CREDIT: Warner Bros. Entertainment
Bilbo Baggins and his fellow furry-footed hobbits return to movie theaters this week with director Peter Jackson's "The Hobbit: An Unexpected Journey," the first in a trilogy. But you don't need to wait until then to dive deep into Middle-earth and the fantasy world that author J.R.R. Tolkien created.
With apps, games, ebooks and more, you can reacquaint yourself with Bilbo, Gandalf and Gollum in time for the movie's Dec. 14 release and continue the journey afterwards.
How to get the story
The story of the hobbit began as a children's book, "The Hobbit: There and Back Again," published in 1937. The movies are expected to stay true to the original story, so you can prepare yourself by reading an ebook version. You'll find it in a variety of formats to match your ereader of choice, including Amazon's Kindle. If you use iBooks for iOS devices, look for it in PDF or ePub formats. Or check out the enhanced version for Kindle, which adds illustrations and audio from Tolkien.

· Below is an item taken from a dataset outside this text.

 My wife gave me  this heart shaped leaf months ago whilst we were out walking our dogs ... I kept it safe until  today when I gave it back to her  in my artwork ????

Understanding Tolkien's detailed fantasy world can require some effort. The free official iOS app for the movie includes background on the many characters in "The Hobbit" as well as a map of Middle-earth, the fictional world where Tolkien set the story.
If you prefer to listen to the tale, you can find multiple audiobook versions on the iTunes Store, Amazon and other audiobook sources. You can also listen for free on YouTube.
Options to play along
Indulge your inner hobbit and become a part of the action with games tied to the movie's release.

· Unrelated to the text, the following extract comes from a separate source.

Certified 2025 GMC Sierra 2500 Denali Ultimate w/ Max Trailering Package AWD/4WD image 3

For mobile gamers, Kabam's free, massively multiplayer strategy-action game "The Hobbit: Kingdoms of Middle-Earth," for iOS and Android, lets you destroy goblins as you build up a city.

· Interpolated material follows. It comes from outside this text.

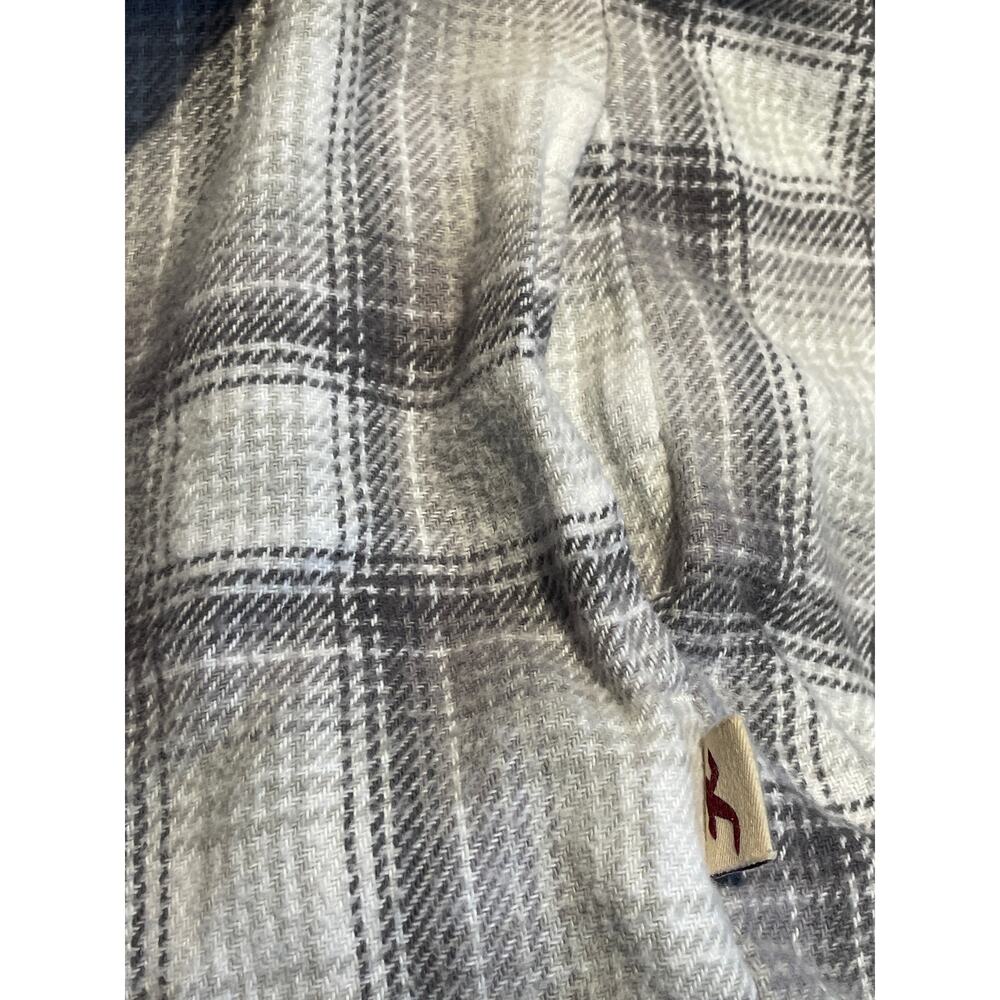 Hollister Flannel Shirt Large Gray/White Plaid Boyfriend Fit Pockets Jacket - Picture 5 of 6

If you want to dive deeper into the action, try Monolith Games recently released "Guardians of Middle-Earth," a multiple online battle arena (MOBA)-style game for PlayStation 3 and XBOX 360. In a MOBA-style game, you compete as a single character against online opponents in real time. You can wage epic battles playing as Gandalf, Sauron or other characters from Tolkien's books.
What else to watch
"The Hobbit" is the prelude to Tolkien's epic "Lord of the Rings" trilogy. You can stream Peter Jackson's movie adaptations of those tales from Amazon for $2 a movie or from iTunes for $4 each. If you're feeling nostalgic, you can buy a DVD (no Blu-ray) of Rankin/Bass's animated version of "The Hobbit" from 1977, but you won't find a digital version to stream.
In the new movie, Bilbo Baggins is played by Martin Freeman, who also stars as Dr. Watson in the new BBC series "Sherlock." You can check out Freeman's work by streaming the re-imagined Sherlock Holmes story on Amazon and Netflix, among other places.
You'll find plenty of behind-the-scenes videos on YouTube from Peter Jackson. He published videos throughout the process of filming and editing the movies.
Preparing you eyes for High Frame Rate 3D
Director Peter Jackson shot "The Hobbit" in 3D at 48 frames per second, twice the frame rate of typical movies. High frame rate (HFR) films aim to better imitate the smooth motion we see in real life. But some people complain that it looks too real, like a TV newscast. [See also: Cheaper 3D Boasts Titanic Entertainment]
"The Hobbit" will also appear in standard-frame-rate 2D and 3D, as well as IMAX and IMAX 3D.
Any way you prepare yourself, get ready for a spectacle of the big screen. Hobbits may be small, but these movies won't be.